The month of May signals new beginnings for the former Democrat Legislative leader. Scott Inman was just hired on at First Oklahoma Bank's OKC new branch. He also just ended his marriage to Dessa, the mother of his two kids.
What started a year ago as a wild ride in a race for Oklahoma's next governor, became a trainwreck in October when a marital crisis became an ugly confrontation in the capitol rotunda.
Inman eventually got Dessa to leave, but he immediately went to his capitol office to write his press statement, resigning his campaign for governor, immediately. He also announced his intention to resign from his legislative office. He immediately was replaced as Minority Leader by Steve Kouplen, who was slated to be his replacement in the 57th Legislature.
Inman was absent for weeks, but came back briefly to cast a vote against a special session tax increase package. Later last fall he announced that he would serve out the final of his 6 terms, in 2018.

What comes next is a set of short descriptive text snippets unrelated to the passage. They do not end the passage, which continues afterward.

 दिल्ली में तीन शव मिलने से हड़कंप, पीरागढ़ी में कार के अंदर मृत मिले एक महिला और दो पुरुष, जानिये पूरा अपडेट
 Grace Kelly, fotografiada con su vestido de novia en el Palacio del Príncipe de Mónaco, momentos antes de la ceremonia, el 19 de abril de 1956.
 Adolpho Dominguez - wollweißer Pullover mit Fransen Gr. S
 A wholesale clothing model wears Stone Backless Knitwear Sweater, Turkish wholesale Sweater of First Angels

Yes, there are rumors of moral failure, and they will one day be written with clarity. But Inman attempted to restore his broken marriage. In mid April his wife officially filed for divorce. Two weeks ago he and Dessa asked the judge to expedite the dissolution, forgoing the 90 statutory waiting period.
On Friday the judge granted the quick dissolution and the divorce is final.

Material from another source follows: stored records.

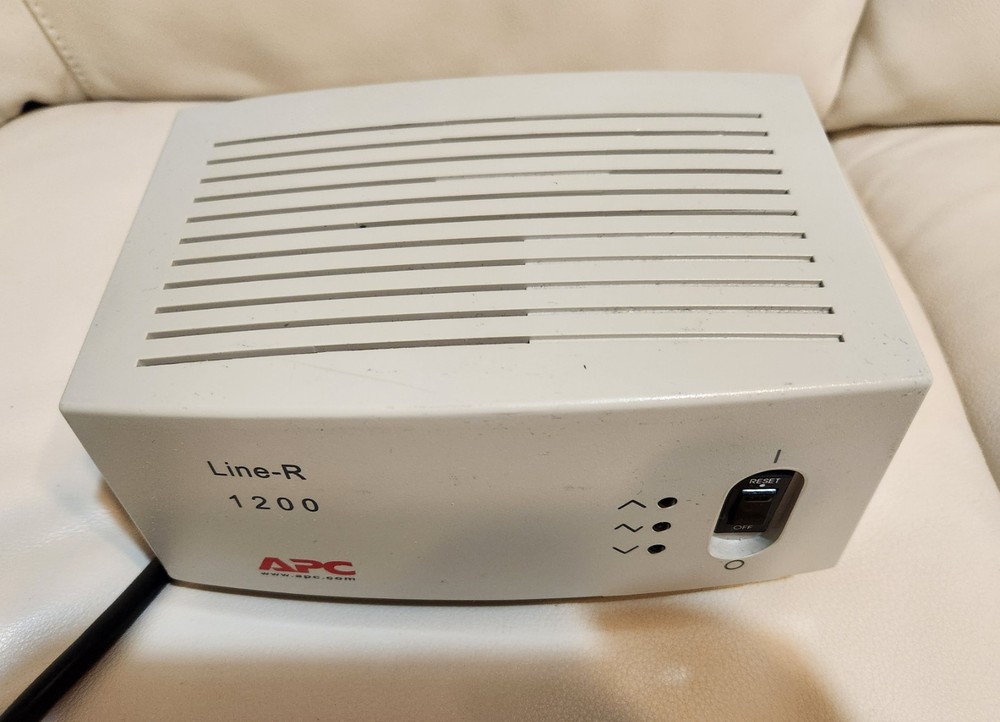 APC Line R 1200 Automatic Voltage Regulator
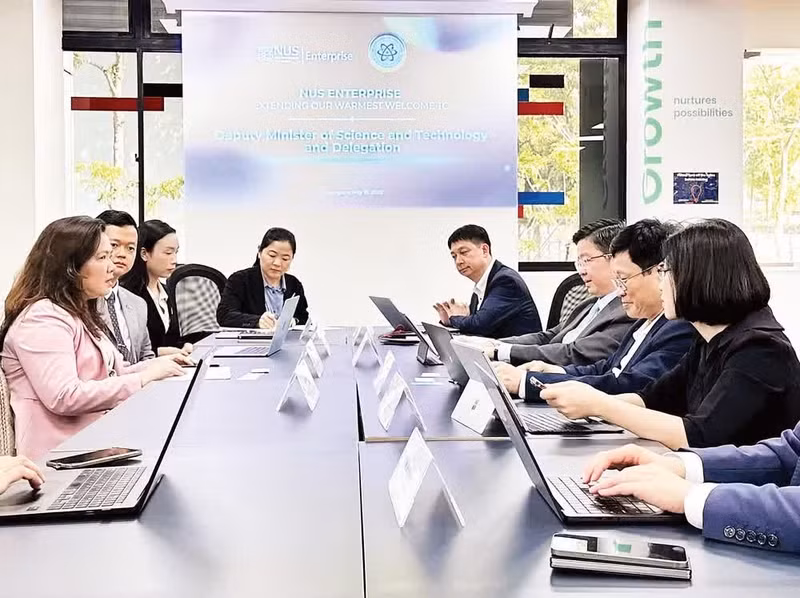 Les activités d’échanges sur la coopération Vietnam–Singapour en matière d’innovation. (Photo : ministère vietnamien des Sciences et des Technologies)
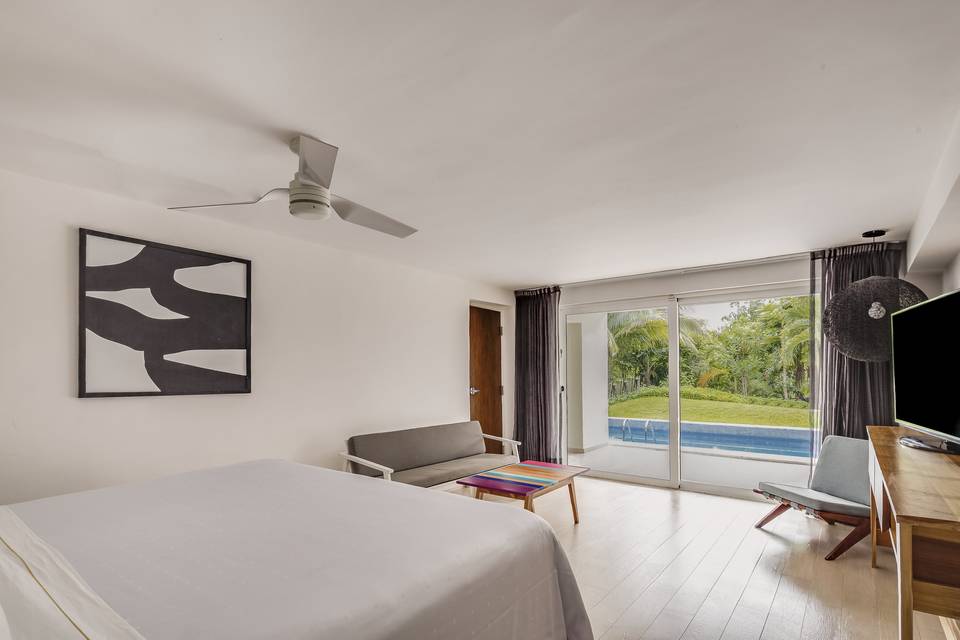 Master Suite Pool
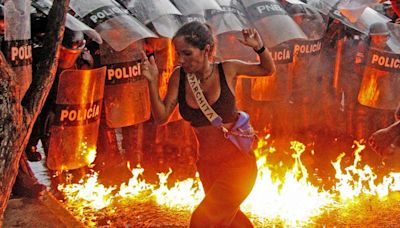 Venezuelans clash with police after disputed election result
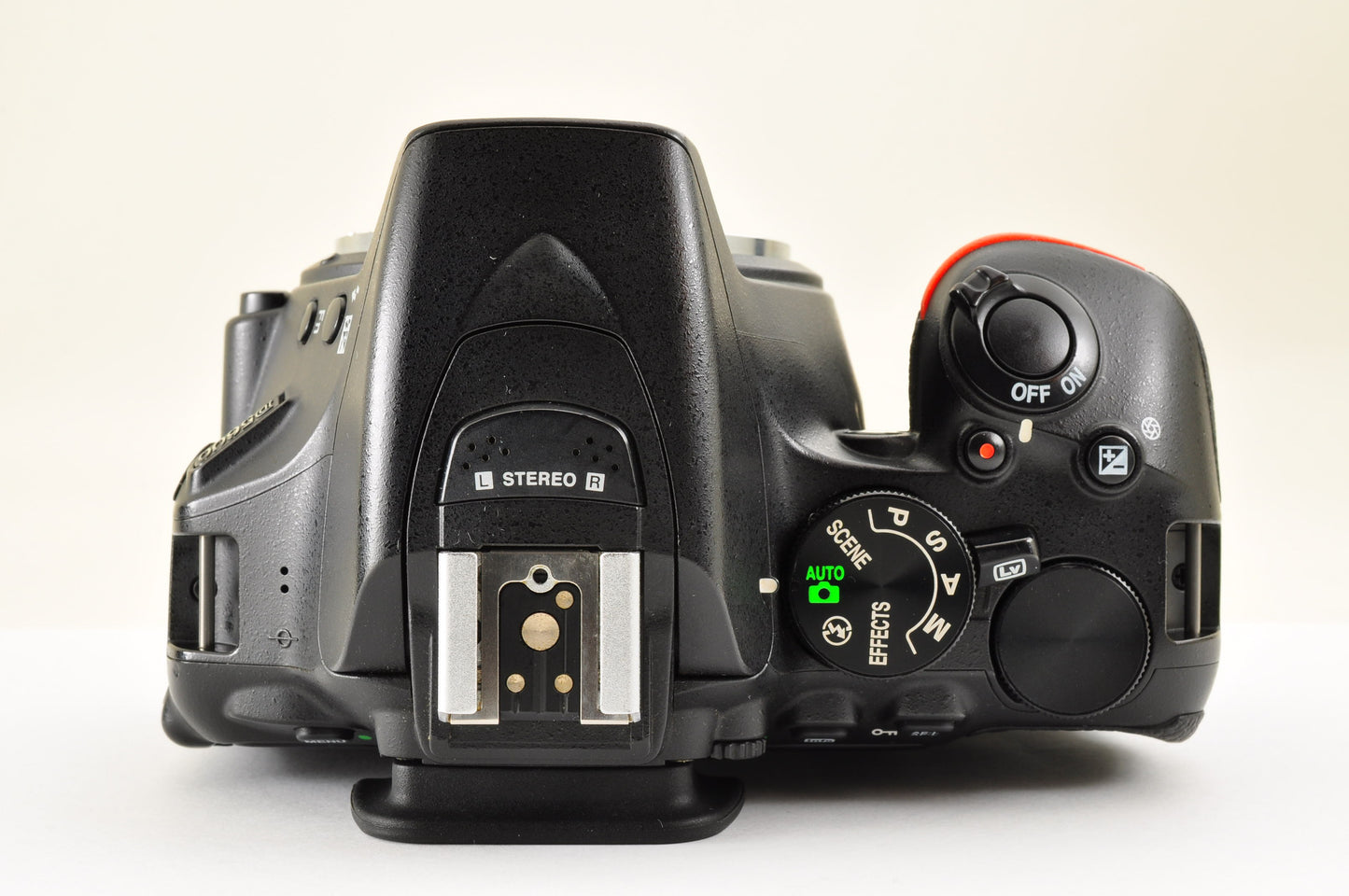 [US Duty Paid] Nikon D5600 DSLR Camera w/AF-P 18-55mm & 70-300mm VR Lens Kit US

One of Inman's dearest friends and political allies is Rep. Eric Proctor. Proctor has been a Senior vice president of commercial lending at First Oklahoma's Jenks headquarters. One would imagine that Proctor's good word went a long way toward securing Inman to the banking team.
Perhaps there are other announcements to come for Scott Inman? His political instincts and team-leading skills are well known in the area around 23rd & Lincoln Blvd. His craft for oratory and rhetoric are legendary. So is his showmanship.
The confines of corporate America are sometimes a challenge for a 'thoroughbred' like Inman. He is a natural at populist politics. We expect that we have not seen or heard the last of Inman or Proctor, even as they came into and leave from legislative service.